-- Instructions to follow --
Of the material below, only the lines from the line containing "09iluminação Canhao Refletor" down to the line containing "Os ex-BBBs Aline" belong in the answer, written out exactly.

-- Records for this exercise --
────────────────────────────────────────

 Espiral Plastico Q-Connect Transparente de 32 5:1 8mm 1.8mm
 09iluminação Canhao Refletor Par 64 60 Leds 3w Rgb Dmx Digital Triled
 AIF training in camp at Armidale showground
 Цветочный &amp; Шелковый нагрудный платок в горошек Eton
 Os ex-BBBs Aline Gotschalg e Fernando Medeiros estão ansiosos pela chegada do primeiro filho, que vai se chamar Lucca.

────────────────────────────────────────

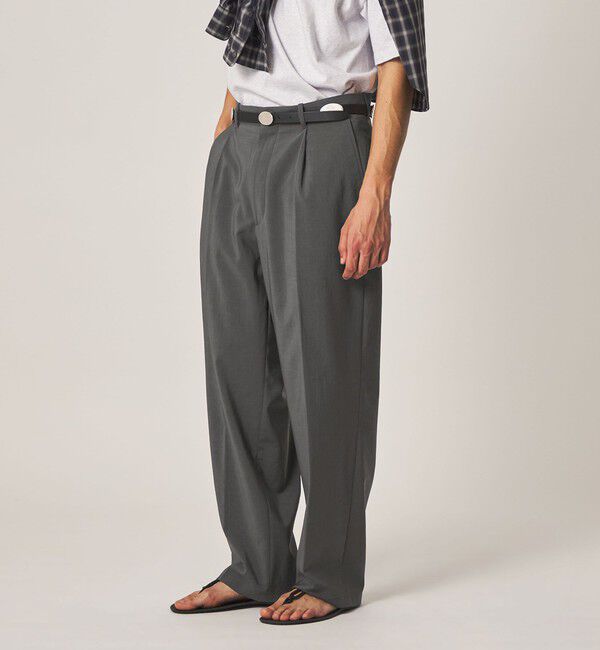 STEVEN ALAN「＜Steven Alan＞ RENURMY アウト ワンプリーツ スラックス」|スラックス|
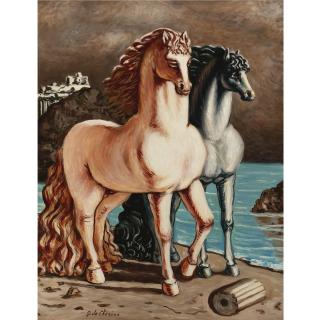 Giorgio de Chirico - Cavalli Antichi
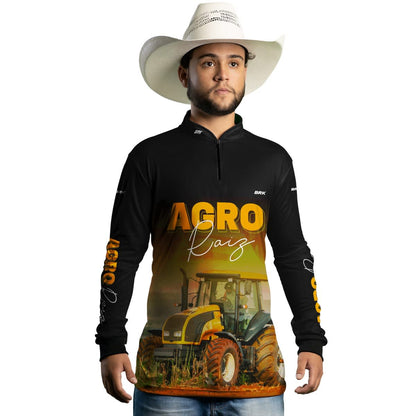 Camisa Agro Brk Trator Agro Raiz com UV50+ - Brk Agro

────────────────────────────────────────

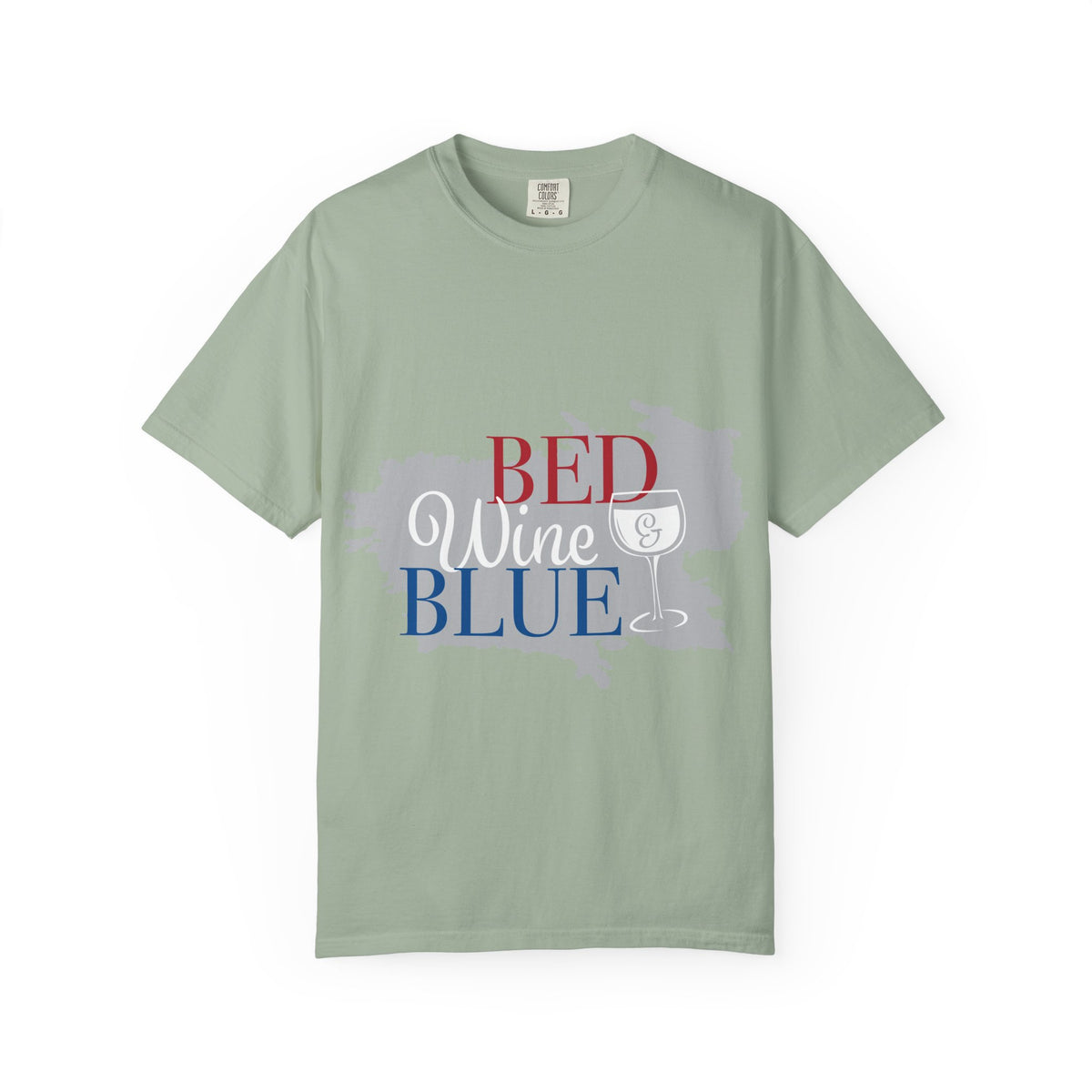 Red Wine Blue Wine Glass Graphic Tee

────────────────────────────────────────

-- Solution for this problem --
 09iluminação Canhao Refletor Par 64 60 Leds 3w Rgb Dmx Digital Triled
 AIF training in camp at Armidale showground
 Цветочный &amp; Шелковый нагрудный платок в горошек Eton
 Os ex-BBBs Aline Gotschalg e Fernando Medeiros estão ansiosos pela chegada do primeiro filho, que vai se chamar Lucca.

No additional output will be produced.